The worse drop of 2000+ on monday
Pinchas such long winded and CYA write-up. The truth is no one knows where the market going, period. 😃
like when you said Bitcoin was going to $100,000 2 or 3 months ago? sure
I mean, Bitcoin will go to $100,000... in 3053
how can you be wrong? nobody is saying you are wrong
dow 15k soon, just wait
This is the first time I've read anything about investing, I figure it's time to learn. Some parts make sense, but could somebody please explain this bit to me, I really can't understand even the general idea unless it's meant to be a poem of some kind! 'Gold formed a high wave candle, confirming the resistance of the Feb 24th shooting star, increasing the probability of a second return move to retest the bullish pennant'
Gold is the asset. A high wave candle is a price pattern, suggesting the preceding move will at least pause and may reverse; a shooting star is a bearish price pattern. A bullish pennant is a pause in an uptrend, and to retest means to try to break it or bounce back.
equities have a LOT further to fall, just to reach a 52 week low.     the virus could very well die out once warmer weather arrives.  also, with near zero interest rates, equities will have a rip your face off rally.  timing is of course the key.  it is too early to go long equities.   copper would be a great way to play the rally.  below $2.40 a pound, the risk/reward is excellent.  good luck.
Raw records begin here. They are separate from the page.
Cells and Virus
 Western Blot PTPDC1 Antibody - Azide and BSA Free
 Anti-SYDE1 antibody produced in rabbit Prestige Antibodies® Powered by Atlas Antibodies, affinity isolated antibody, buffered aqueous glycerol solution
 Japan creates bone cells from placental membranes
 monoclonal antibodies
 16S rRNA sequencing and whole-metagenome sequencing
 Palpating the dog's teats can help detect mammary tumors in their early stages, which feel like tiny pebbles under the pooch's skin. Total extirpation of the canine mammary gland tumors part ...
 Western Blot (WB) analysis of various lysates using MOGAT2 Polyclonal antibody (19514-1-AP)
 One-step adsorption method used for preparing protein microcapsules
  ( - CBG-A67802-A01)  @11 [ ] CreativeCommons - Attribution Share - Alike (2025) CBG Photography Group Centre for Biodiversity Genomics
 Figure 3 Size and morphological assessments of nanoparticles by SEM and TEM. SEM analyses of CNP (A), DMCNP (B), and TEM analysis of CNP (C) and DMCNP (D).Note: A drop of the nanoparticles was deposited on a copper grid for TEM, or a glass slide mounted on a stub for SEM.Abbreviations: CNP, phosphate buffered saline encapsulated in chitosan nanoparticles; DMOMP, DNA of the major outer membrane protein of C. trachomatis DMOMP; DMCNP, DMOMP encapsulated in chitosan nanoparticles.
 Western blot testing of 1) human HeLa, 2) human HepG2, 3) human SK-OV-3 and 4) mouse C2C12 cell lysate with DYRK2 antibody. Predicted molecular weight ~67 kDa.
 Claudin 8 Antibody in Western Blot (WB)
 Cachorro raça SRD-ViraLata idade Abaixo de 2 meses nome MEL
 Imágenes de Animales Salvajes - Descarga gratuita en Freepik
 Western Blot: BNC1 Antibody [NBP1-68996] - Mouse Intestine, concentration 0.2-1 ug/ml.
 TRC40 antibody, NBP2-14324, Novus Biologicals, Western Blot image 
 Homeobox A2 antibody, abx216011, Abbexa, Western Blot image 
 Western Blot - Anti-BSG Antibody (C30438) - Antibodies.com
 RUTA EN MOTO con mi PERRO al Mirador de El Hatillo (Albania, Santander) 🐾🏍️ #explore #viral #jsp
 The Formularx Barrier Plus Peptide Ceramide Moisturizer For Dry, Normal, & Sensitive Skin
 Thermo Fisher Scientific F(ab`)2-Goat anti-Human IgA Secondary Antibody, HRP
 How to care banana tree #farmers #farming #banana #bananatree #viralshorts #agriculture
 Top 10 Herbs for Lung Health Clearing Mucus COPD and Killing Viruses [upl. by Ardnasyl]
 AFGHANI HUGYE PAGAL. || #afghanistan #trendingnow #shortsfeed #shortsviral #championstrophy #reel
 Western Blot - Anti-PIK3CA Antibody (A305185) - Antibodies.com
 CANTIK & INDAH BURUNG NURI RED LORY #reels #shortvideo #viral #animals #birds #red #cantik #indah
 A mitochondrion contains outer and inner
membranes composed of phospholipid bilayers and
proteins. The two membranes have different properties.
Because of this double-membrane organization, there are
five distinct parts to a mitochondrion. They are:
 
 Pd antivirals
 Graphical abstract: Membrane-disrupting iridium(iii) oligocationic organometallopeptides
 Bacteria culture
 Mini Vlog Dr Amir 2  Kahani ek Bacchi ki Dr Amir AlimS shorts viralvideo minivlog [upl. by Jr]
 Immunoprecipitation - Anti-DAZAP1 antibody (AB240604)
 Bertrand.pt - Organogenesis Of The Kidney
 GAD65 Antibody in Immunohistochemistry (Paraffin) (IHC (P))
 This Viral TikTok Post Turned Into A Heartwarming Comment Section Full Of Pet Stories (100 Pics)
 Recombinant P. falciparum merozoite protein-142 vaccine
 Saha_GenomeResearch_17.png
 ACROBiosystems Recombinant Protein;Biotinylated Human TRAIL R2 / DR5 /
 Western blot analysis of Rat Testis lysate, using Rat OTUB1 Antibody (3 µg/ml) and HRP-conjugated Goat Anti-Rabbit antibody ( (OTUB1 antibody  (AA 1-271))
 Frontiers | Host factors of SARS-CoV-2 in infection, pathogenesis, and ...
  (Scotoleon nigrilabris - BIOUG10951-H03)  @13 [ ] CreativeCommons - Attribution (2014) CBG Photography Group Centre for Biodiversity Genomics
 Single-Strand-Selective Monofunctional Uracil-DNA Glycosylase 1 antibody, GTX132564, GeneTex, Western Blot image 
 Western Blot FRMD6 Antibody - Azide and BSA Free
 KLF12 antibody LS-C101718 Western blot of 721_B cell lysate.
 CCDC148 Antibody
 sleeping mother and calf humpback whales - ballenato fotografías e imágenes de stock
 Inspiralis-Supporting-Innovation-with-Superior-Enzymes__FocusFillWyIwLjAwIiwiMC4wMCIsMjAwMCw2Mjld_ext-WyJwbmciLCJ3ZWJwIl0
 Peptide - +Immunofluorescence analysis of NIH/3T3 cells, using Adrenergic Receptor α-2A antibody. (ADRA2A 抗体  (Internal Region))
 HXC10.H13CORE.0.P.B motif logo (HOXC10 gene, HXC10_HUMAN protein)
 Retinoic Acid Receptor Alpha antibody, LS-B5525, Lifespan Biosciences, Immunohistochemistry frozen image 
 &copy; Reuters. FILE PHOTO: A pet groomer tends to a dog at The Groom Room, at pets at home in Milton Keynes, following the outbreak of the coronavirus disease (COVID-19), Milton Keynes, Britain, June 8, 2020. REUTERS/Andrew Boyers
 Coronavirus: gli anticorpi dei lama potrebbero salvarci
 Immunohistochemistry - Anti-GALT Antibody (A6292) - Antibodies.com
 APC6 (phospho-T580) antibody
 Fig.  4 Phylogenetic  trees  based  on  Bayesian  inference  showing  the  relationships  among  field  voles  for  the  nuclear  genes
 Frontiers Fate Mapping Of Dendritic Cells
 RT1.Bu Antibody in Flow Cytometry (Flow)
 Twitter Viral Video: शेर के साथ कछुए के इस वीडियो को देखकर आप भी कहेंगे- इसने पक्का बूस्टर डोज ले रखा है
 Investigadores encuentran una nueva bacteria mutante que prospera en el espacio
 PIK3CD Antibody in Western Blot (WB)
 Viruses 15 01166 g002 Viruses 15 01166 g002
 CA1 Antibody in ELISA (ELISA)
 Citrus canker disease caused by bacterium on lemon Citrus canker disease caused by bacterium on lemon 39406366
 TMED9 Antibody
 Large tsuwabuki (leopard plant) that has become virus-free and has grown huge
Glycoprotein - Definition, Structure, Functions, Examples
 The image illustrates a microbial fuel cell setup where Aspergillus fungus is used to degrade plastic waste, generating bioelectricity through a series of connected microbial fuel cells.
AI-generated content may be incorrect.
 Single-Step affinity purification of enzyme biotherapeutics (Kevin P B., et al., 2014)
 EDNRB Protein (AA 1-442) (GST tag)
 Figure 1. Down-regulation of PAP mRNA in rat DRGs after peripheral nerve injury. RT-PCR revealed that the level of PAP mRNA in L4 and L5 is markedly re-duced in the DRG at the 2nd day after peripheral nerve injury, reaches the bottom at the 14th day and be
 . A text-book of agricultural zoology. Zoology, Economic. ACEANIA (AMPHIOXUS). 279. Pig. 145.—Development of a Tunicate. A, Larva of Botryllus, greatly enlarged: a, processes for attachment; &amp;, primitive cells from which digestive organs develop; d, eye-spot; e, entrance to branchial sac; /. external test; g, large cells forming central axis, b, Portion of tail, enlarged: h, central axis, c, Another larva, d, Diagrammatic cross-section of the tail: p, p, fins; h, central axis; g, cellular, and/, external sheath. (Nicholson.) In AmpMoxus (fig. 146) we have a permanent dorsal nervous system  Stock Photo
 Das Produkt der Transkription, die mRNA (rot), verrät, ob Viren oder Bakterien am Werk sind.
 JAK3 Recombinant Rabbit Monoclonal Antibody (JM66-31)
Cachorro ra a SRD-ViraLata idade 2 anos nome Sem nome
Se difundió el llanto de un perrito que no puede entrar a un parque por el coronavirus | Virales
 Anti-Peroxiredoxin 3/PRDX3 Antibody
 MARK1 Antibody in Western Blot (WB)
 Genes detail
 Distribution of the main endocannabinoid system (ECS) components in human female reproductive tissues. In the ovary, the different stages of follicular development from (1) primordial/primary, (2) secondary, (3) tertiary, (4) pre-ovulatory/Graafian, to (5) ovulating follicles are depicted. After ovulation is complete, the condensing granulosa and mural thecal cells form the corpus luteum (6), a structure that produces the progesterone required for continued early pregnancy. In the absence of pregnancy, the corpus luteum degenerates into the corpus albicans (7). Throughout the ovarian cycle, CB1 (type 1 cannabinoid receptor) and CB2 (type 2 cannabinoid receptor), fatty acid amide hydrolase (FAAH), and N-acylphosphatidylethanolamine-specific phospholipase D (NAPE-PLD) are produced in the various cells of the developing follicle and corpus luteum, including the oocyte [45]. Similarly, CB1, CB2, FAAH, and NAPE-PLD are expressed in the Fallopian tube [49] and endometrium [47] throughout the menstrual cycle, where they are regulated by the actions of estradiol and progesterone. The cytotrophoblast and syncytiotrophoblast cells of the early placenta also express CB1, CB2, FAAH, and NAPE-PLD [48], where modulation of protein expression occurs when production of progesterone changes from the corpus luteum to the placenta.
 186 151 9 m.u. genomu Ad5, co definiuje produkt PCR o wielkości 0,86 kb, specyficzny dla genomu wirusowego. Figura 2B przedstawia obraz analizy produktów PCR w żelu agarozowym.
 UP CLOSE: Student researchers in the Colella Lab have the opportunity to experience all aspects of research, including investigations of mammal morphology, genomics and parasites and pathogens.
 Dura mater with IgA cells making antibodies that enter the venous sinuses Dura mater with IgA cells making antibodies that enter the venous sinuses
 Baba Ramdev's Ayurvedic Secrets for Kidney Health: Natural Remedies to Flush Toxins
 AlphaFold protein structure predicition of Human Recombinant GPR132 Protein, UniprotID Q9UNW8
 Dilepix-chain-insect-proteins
@Tom Martin Trump's peddling this fiction that the virus is going to die out when warmer weather arrives, but countries in the southern hemisphere (in summertime) are battling this virus too! I feel sorry for Americans because you guys are woefully under-prepared for what's coming. No surprise that this is all happening on Trump's watch.
theres no way that stocks will open higher tonight.  with oil set to fall another $8 a barrel, remember that some very large oil  and energy companies are included in the DOW,   BP  Exxon  Shell  Conoco  etc OPEC breaking apart =  multi decade major market changing news.  unprofitable oil companies default on debt, stop spending on drilling and production....a cascade effect on employment etc.  how interesting that ARAMCO goes public, raising a trillion dollars (approx) and then they use that money to start a major worldwide oil price war....... (scoundrels)
monday gold silver ?
sunday   futures opens at 5:00 pm CST
while now in here anyone wants it down it gonna go up instead watch same happenf last week
Whoever is buying the dip under these conditions has ********of steel.
That would be me.
1) Easy to gamble with other people's money. 2) Anyone buying now is most likely driven by desperation for the bubble not to burst, because the writing's on the wall and the only ones denying it are those close to the Trump administration.